Problem requirements: Return the entries verbatim and drop every picture.

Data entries
——————————

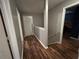 Hallway with wood floors leading to other rooms in home at 2105 Windy Oak Ct, Lithia Springs, GA 30122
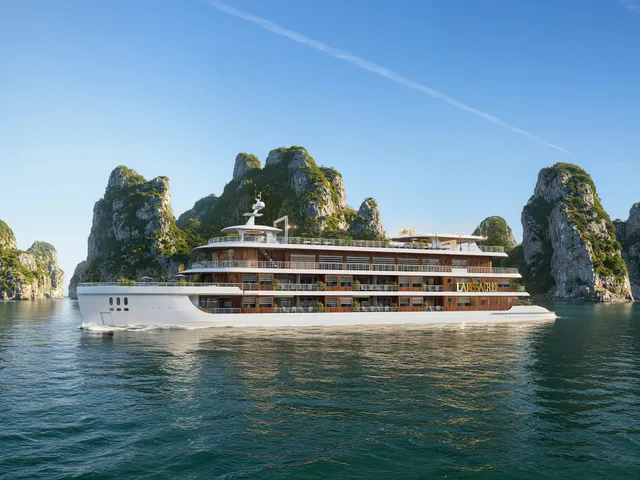 A large white and wood-paneled cruise ship sails through calm green water surrounded by tall limestone karst formations under a clear blue sky.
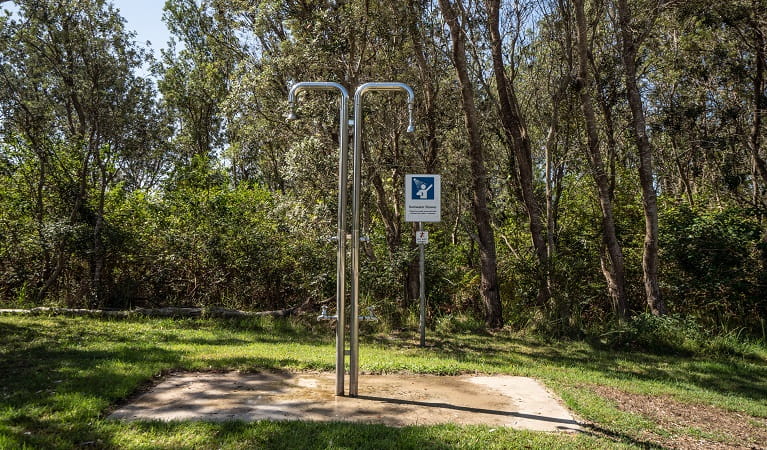 Outdoor rainwater shower at Crowdy Gap campground, Crowdy Bay National Park. Photo: Rob Mulally/DPIE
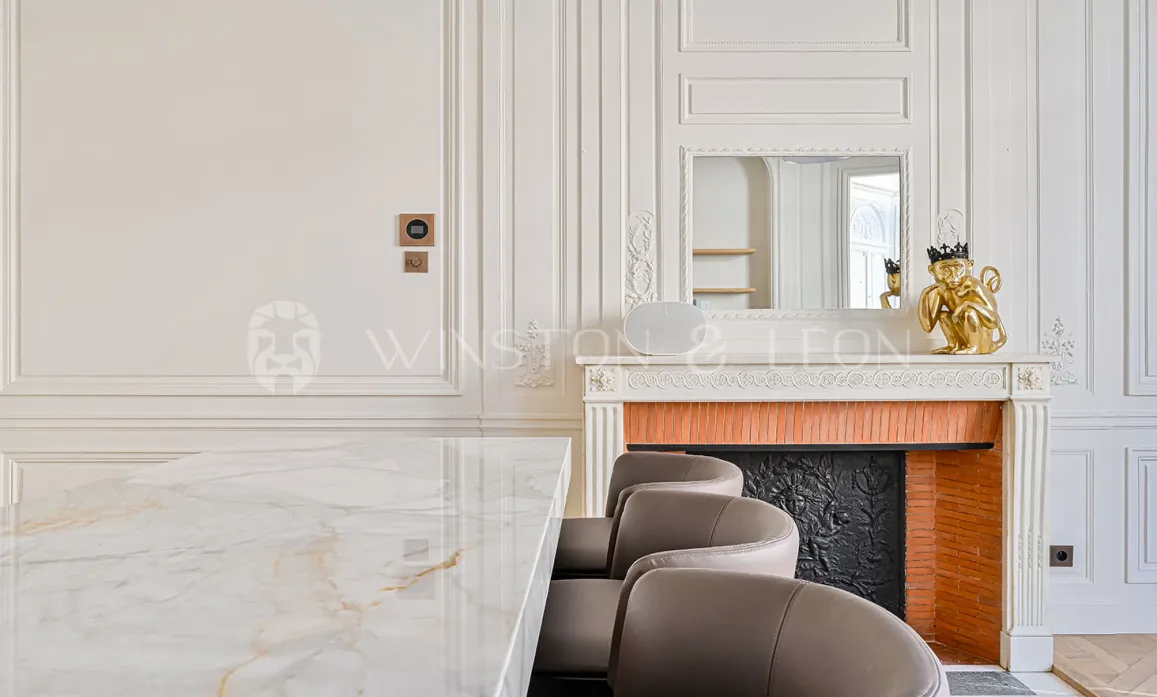 Intérieur luxe parisien: table marbre, cheminée classique, moulures. Élégance intemporelle pour propriété haut de gamme.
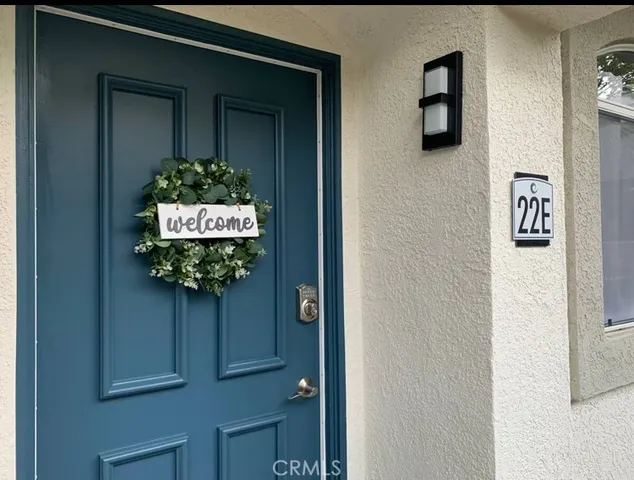 a vase of flowers sitting on a shelf in front of a door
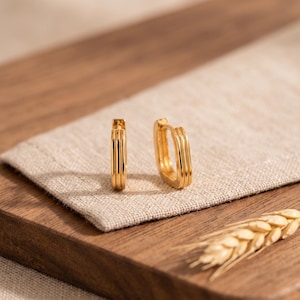 May include: A pair of gold-toned hoop earrings with a rectangular shape and a triple-ribbed texture on the outer surface. The earrings feature a hinged closure mechanism and a polished, reflective finish that catches the light.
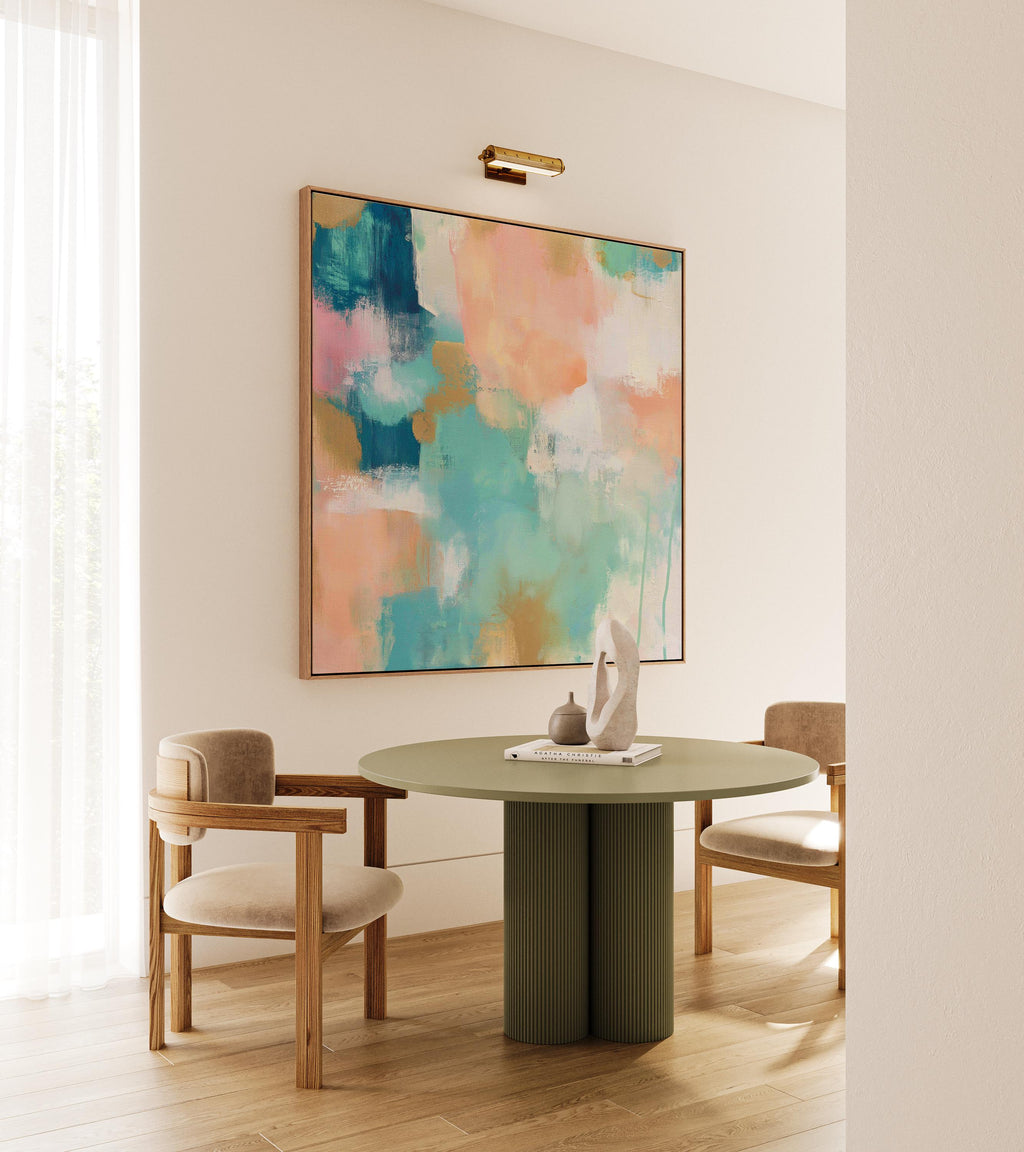 Large square abstract framed canvas wall art featuring coral, peach, teal, aqua blue, and warm sand tones layered over a soft cream background, styled above a neutral sofa, adding soft color contrast and airy painterly texture to a curated living space.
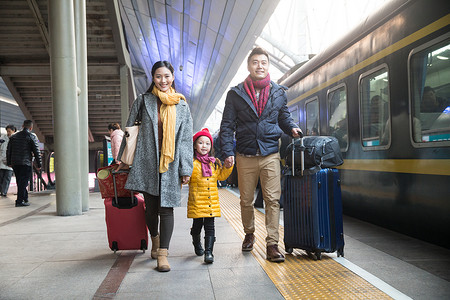 旅途春节厚衣服幸福家庭在车站月台图片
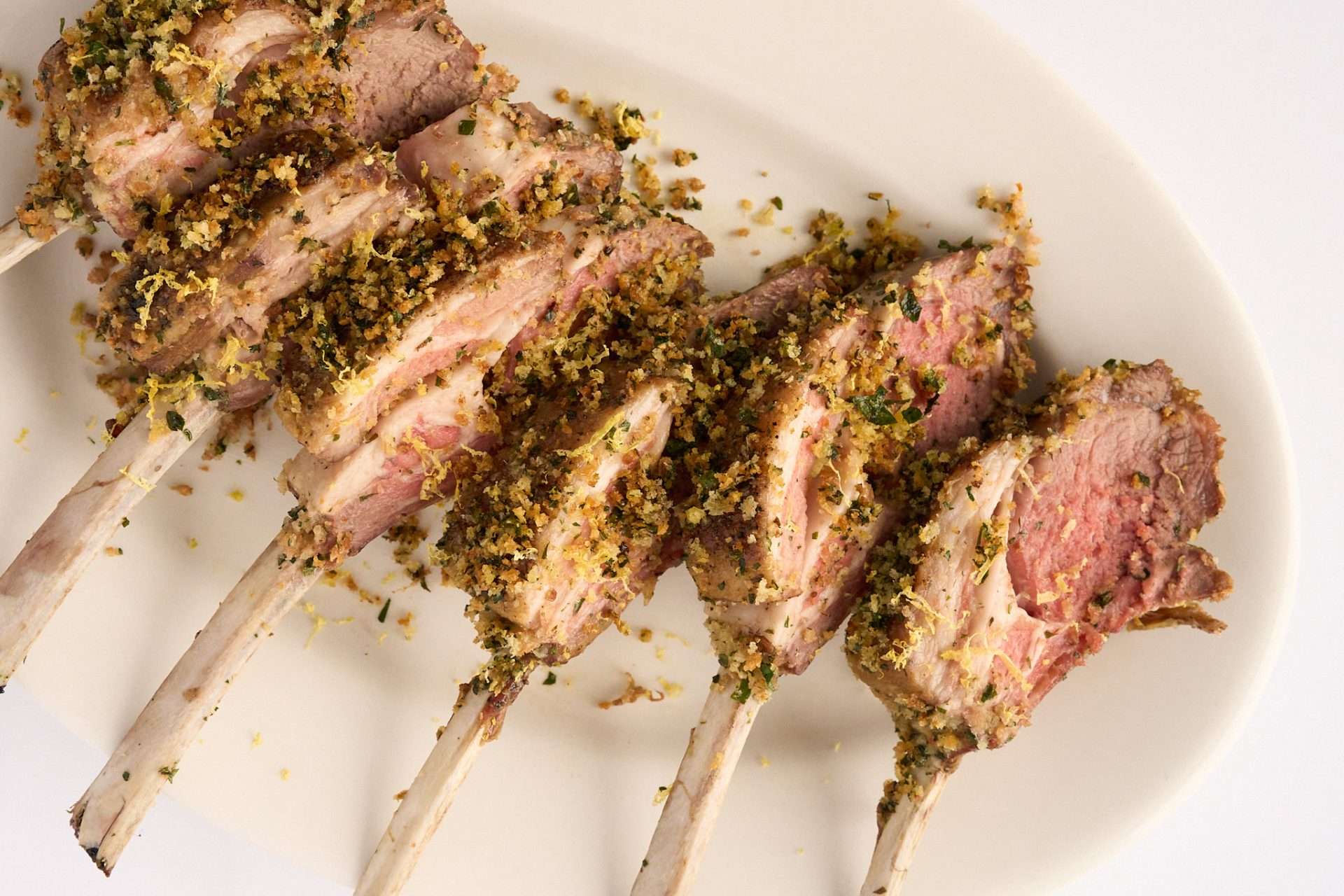 Gremolata crusted rack of American lamb sliced into chops and arranged on a white platter, with a golden herb breadcrumb topping and a juicy pink center.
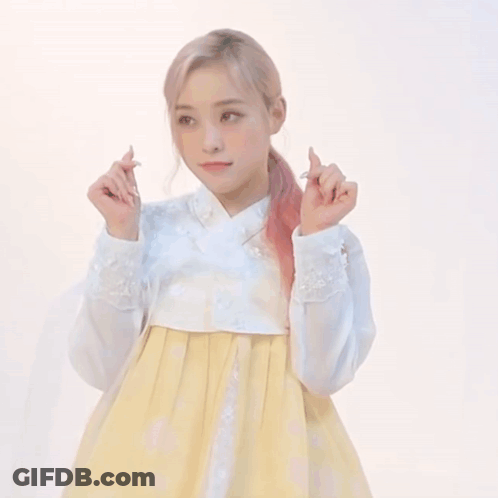 Woman In White Shirt And Yellow Skirt Making Funny Face GIF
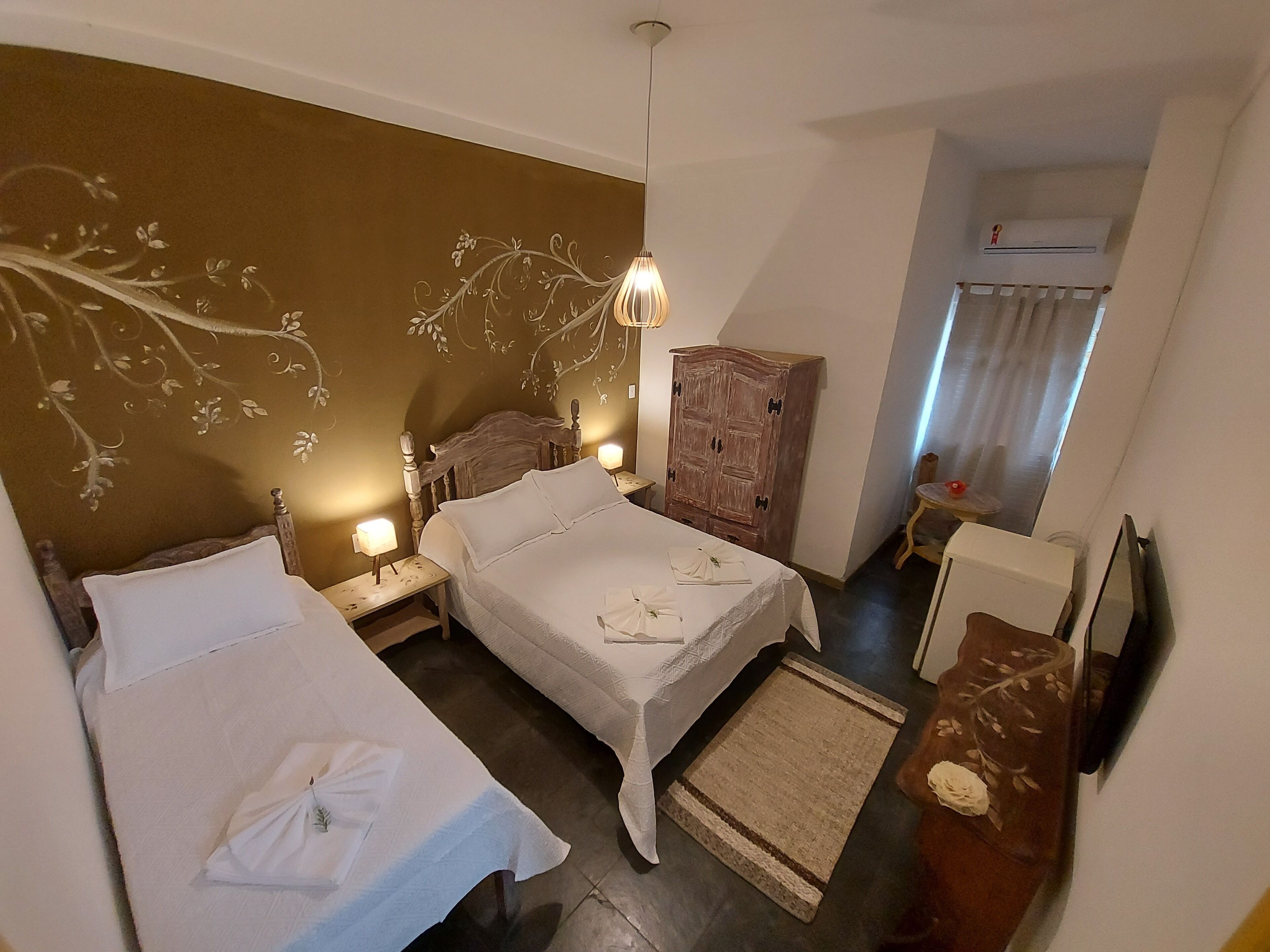 A hotel room with two beds, a wooden wardrobe, a desk, and a television.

——————————

Response area:
 Hallway with wood floors leading to other rooms in home at 2105 Windy Oak Ct, Lithia Springs, GA 30122
 A large white and wood-paneled cruise ship sails through calm green water surrounded by tall limestone karst formations under a clear blue sky.
 Outdoor rainwater shower at Crowdy Gap campground, Crowdy Bay National Park. Photo: Rob Mulally/DPIE
 Intérieur luxe parisien: table marbre, cheminée classique, moulures. Élégance intemporelle pour propriété haut de gamme.
 a vase of flowers sitting on a shelf in front of a door
 May include: A pair of gold-toned hoop earrings with a rectangular shape and a triple-ribbed texture on the outer surface. The earrings feature a hinged closure mechanism and a polished, reflective finish that catches the light.
 Large square abstract framed canvas wall art featuring coral, peach, teal, aqua blue, and warm sand tones layered over a soft cream background, styled above a neutral sofa, adding soft color contrast and airy painterly texture to a curated living space.
 旅途春节厚衣服幸福家庭在车站月台图片
 Gremolata crusted rack of American lamb sliced into chops and arranged on a white platter, with a golden herb breadcrumb topping and a juicy pink center.
 Woman In White Shirt And Yellow Skirt Making Funny Face GIF
 A hotel room with two beds, a wooden wardrobe, a desk, and a television.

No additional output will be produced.